SOURCE INFORMATION START

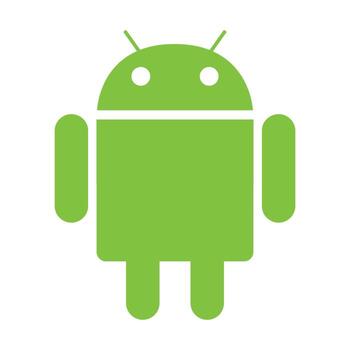 android-logo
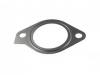 GASKET; WATER DUCT,TO OIL COOL 节温器管座垫:1-13614023-0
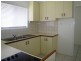 4 Gould Place, East Ayr, Ayr QLD 4807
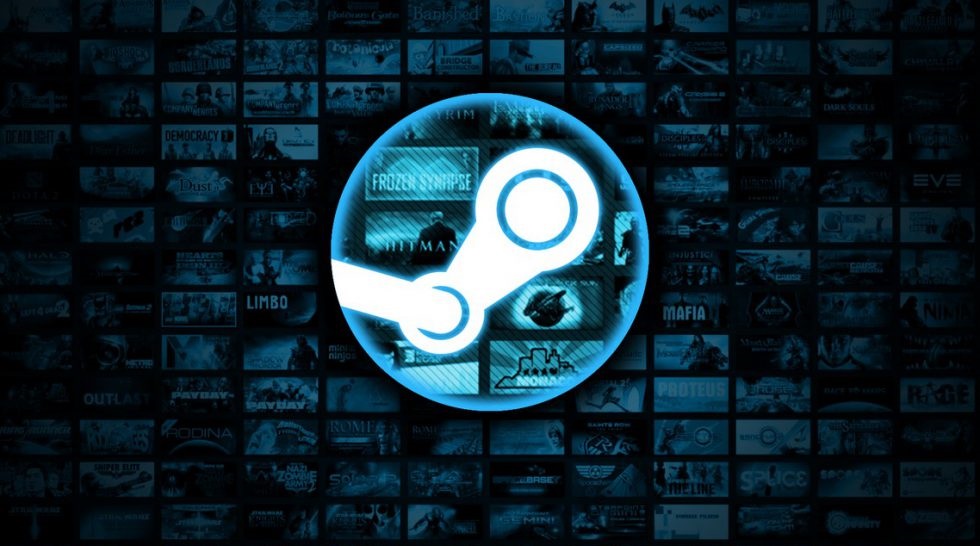 Valve announces new Steam regional pricing recommendations
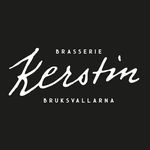 Brasserie Kerstin
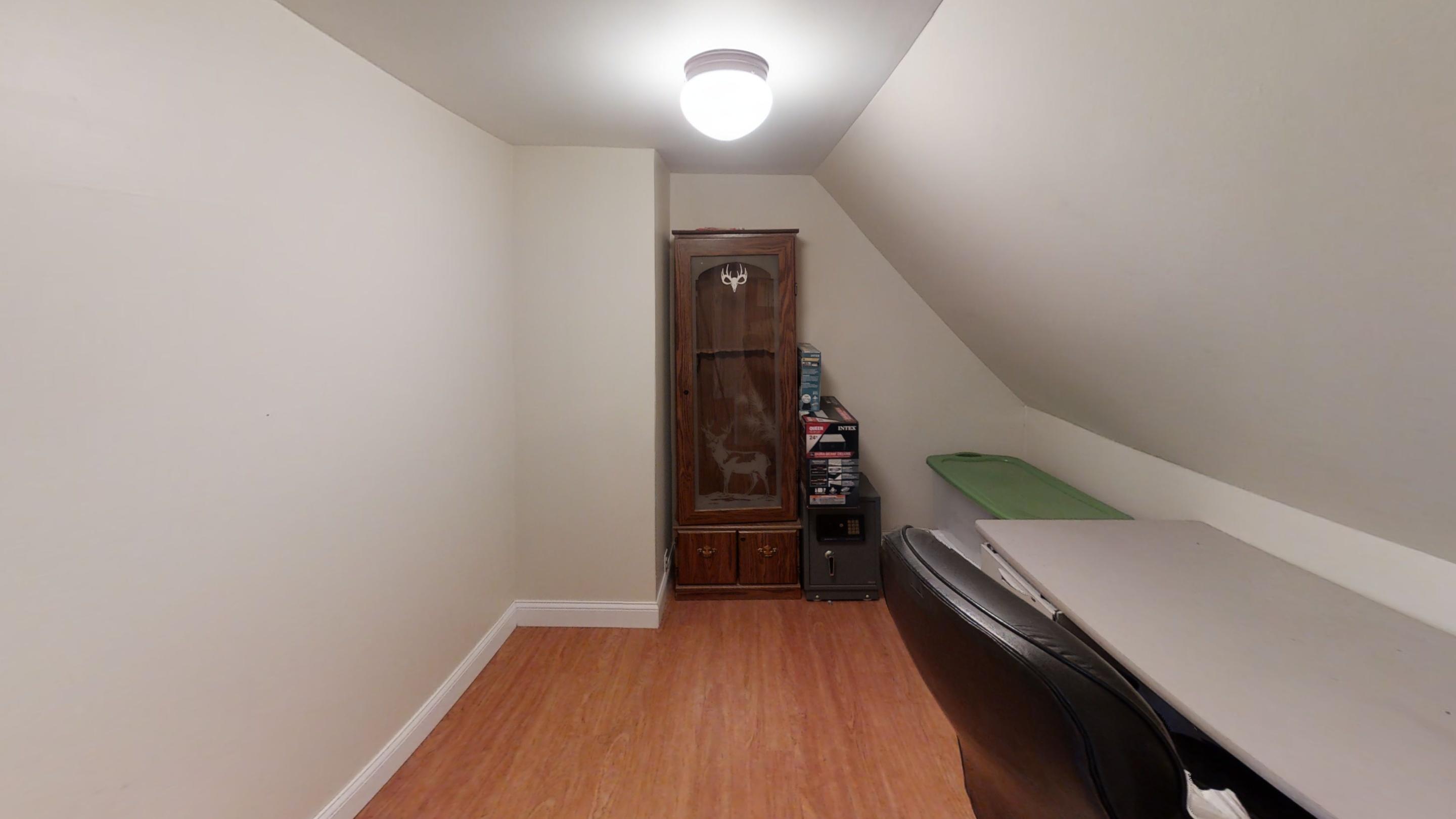 19 Exeter Road Corinth, ME 04427 - Photo 27 of 28 Randall-Bedroom(4)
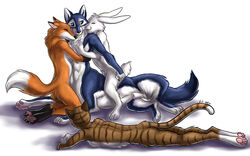 2004 Rule 34 Image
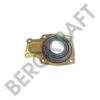 NEOPL 14008270 Repair Kit, brake caliper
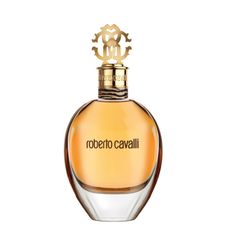 Roberto Cavalli Signature parfumovaná voda 75 ml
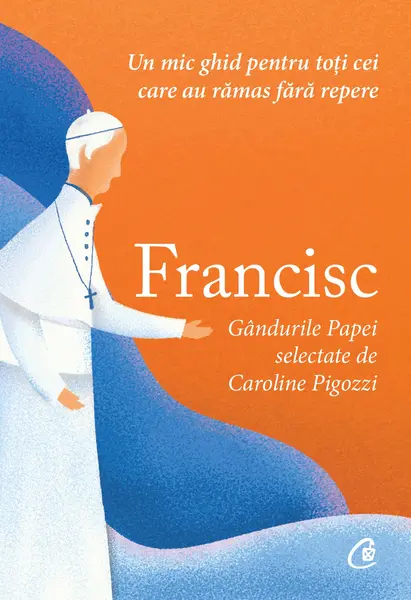 Francisc
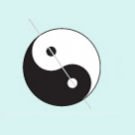 Acupuncture & Holistic Health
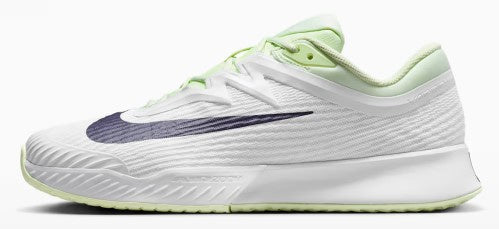 Nike Men's Zoom Pro 3 FZ2161-108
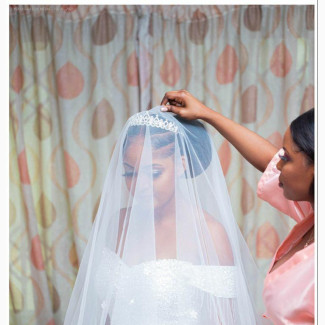 Luxury Wedding Dress Package at Unbeatable Price!
Get the Ultimate Bridal Look with our Exclusive Offer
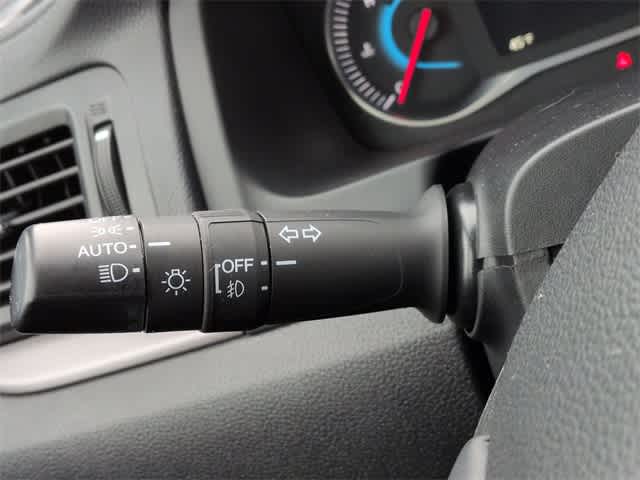 Thumbnail: 2020 Honda Pilot - 29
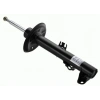 AMORTİSOR ARKA E39 B6 PERFORMANS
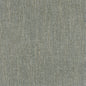 RESEARCH Stout Upholstery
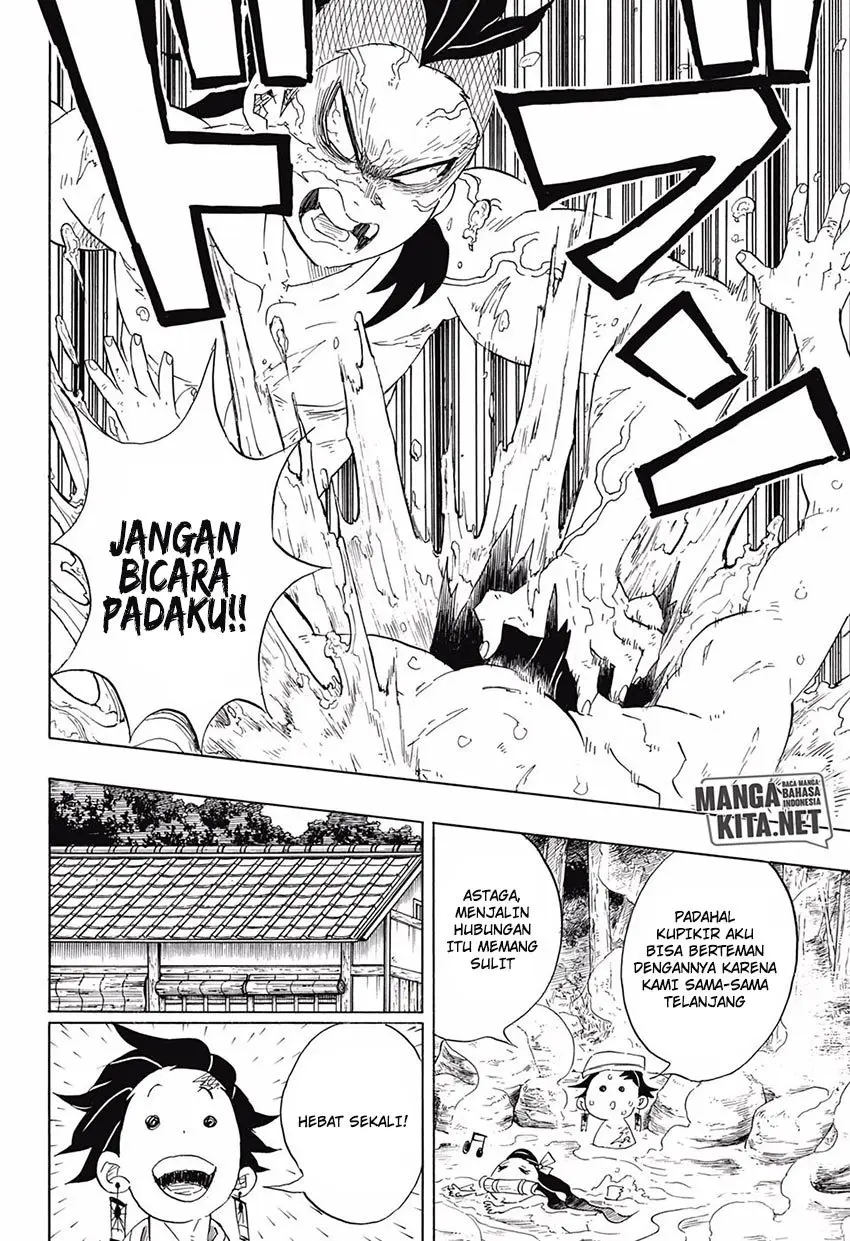 Halaman 11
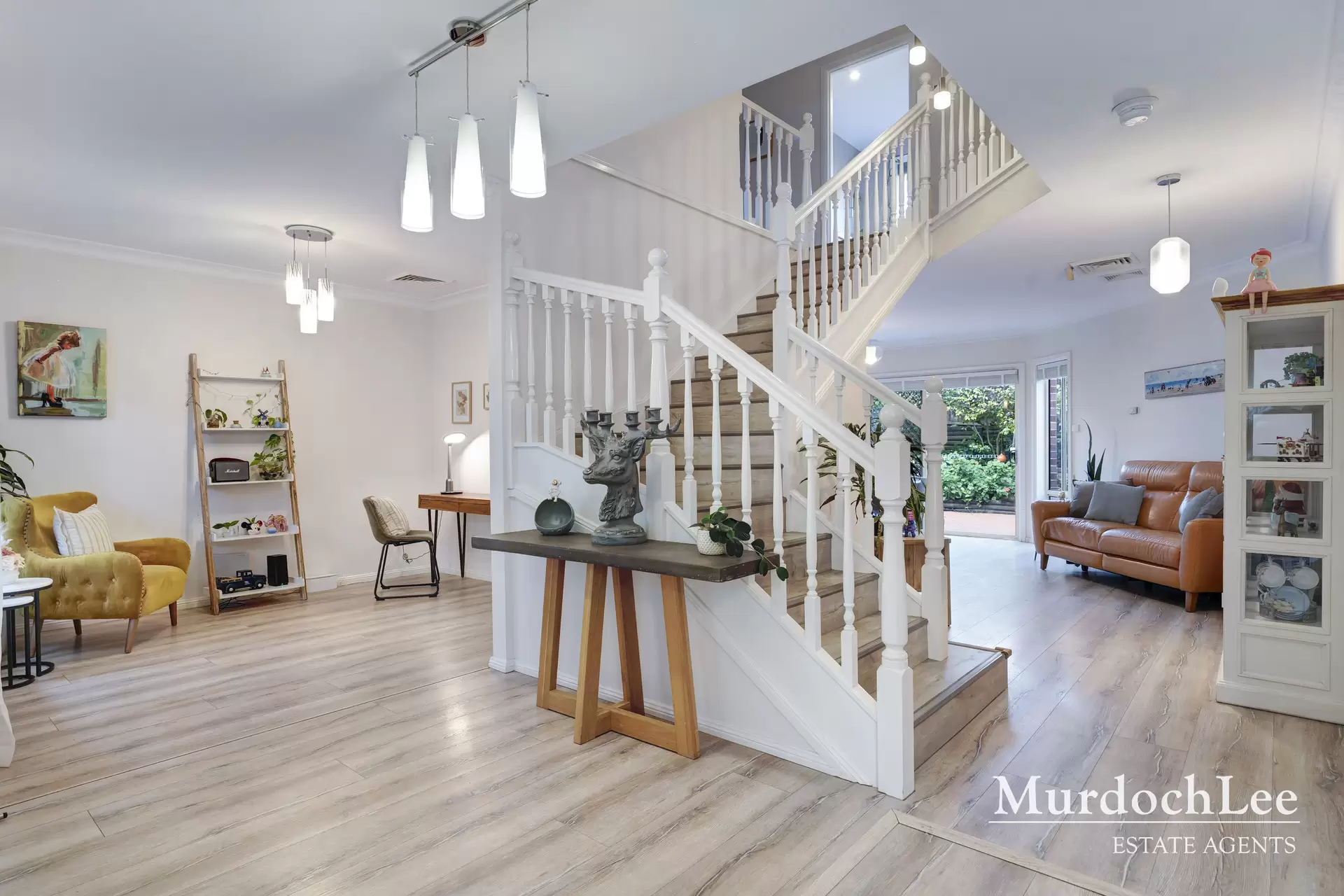 90 Bella Vista Drive, Bella Vista Leased by Murdoch Lee Estate Agents - image 3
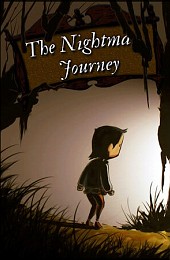 The Nightmare Journey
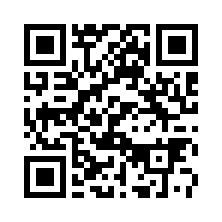 QR Code for 1Aec3heicNEDu7f6wtqUG2i1dR4eH2xmLD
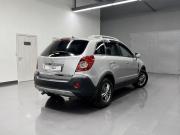 Opel Antara I Тверь  - изображение 25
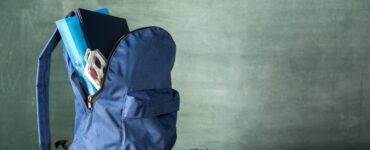 Programa Impacta oferece 77 bolsas de estudos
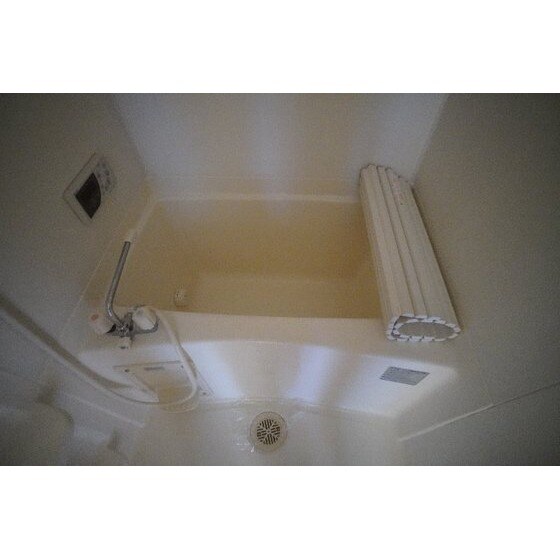 クレアの物件内観写真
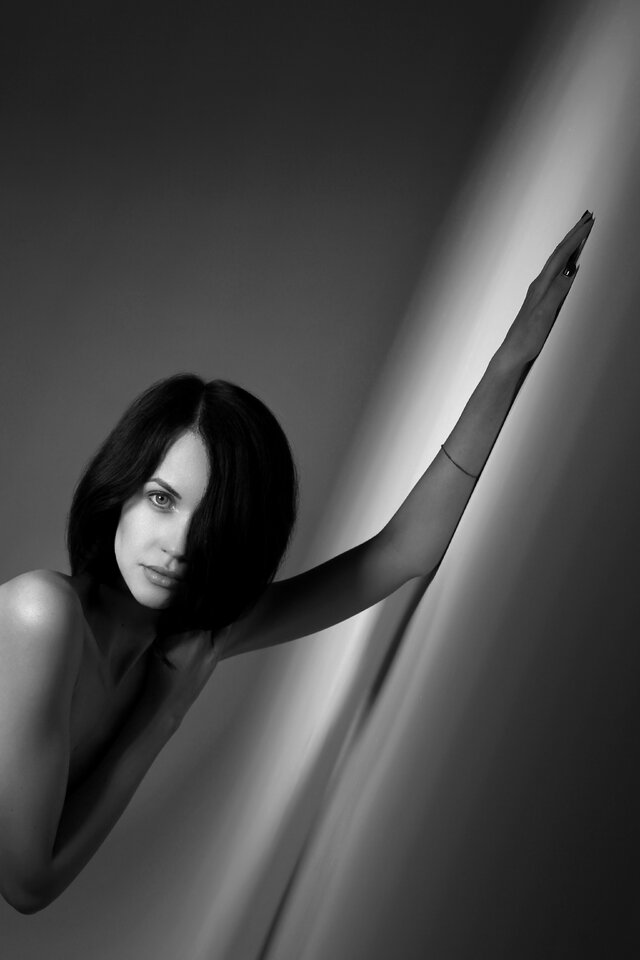 Фото Alina Verem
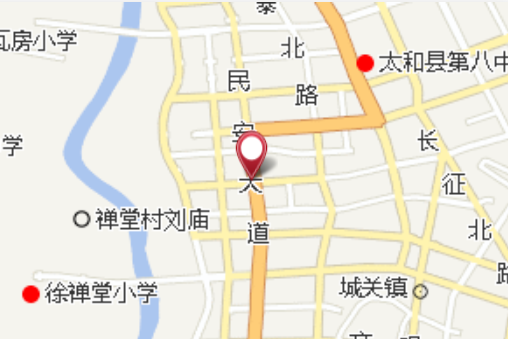 西范井 西范井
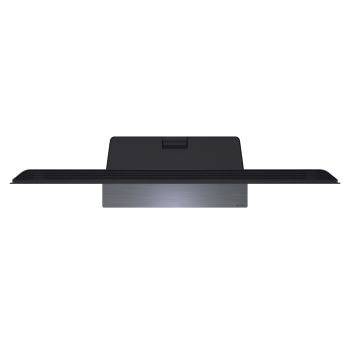 Foto TV OLED48C65LA 2026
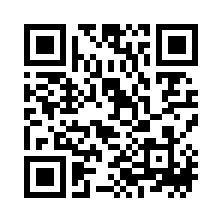 QR Code for 1KbDLBHobQi45VT9SLyYi9yzphffkfyb8T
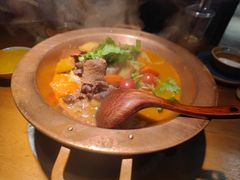 -吃饭皇帝大(长宁龙之梦店)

SOURCE INFORMATION END

PROBLEM DESCRIPTION:
Reproduce the lines from the one holding "QR Code for 1Aec3heicNEDu7f6wtqUG2i1dR4eH2xmLD" through the end of the entries above exactly, keeping both ends and dropping every picture.

ANSWER BELOW:
 QR Code for 1Aec3heicNEDu7f6wtqUG2i1dR4eH2xmLD
 Opel Antara I Тверь  - изображение 25
 Programa Impacta oferece 77 bolsas de estudos
 クレアの物件内観写真
 Фото Alina Verem
 西范井 西范井
 Foto TV OLED48C65LA 2026
 QR Code for 1KbDLBHobQi45VT9SLyYi9yzphffkfyb8T
 -吃饭皇帝大(长宁龙之梦店)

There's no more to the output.